### Work to complete
When you write out the listing, keep each word exactly as it stands but include none of its images.

### The input
################

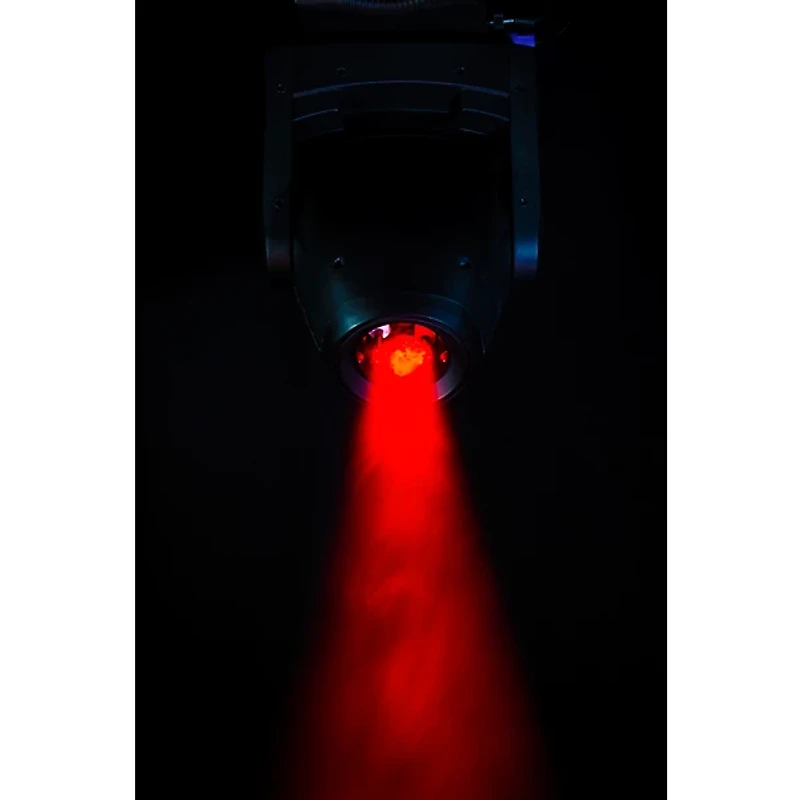 American DJ FOCUS 4Z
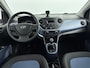 Hyundai i10 1.0i i-Motion Comfort | Trekhaak | Airco | Radio | Cruise |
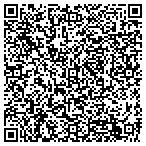 QR code with Detweiler's Propane Gas Service contacts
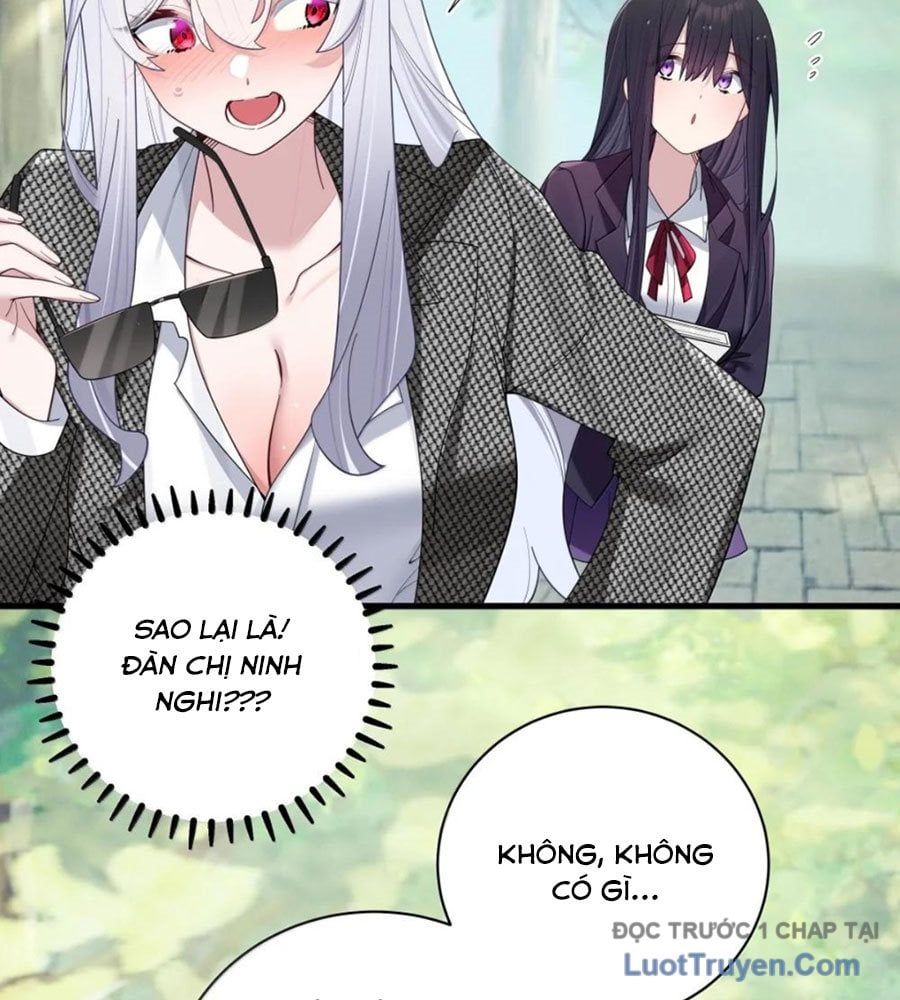 đọc truyện Làm Sao Để Chạy Trốn Dàn Hậu Cung Chương 188 ảnh 63 tại Thiên Thai Truyện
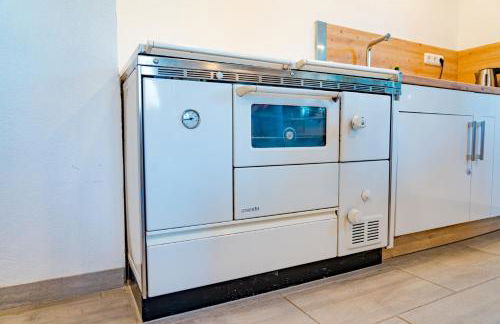 FEWO 2 zur schönen Aussicht - Foto 2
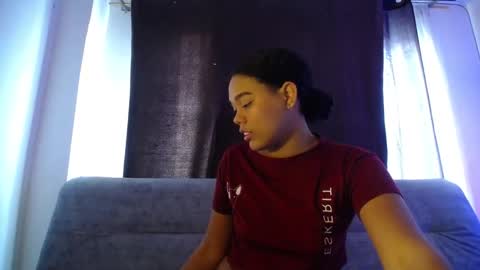 Dena k s online show from October 19, 11:22 am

################

### Task solution
 American DJ FOCUS 4Z
 Hyundai i10 1.0i i-Motion Comfort | Trekhaak | Airco | Radio | Cruise |
 QR code with Detweiler's Propane Gas Service contacts
 đọc truyện Làm Sao Để Chạy Trốn Dàn Hậu Cung Chương 188 ảnh 63 tại Thiên Thai Truyện
 FEWO 2 zur schönen Aussicht - Foto 2
 Dena k s online show from October 19, 11:22 am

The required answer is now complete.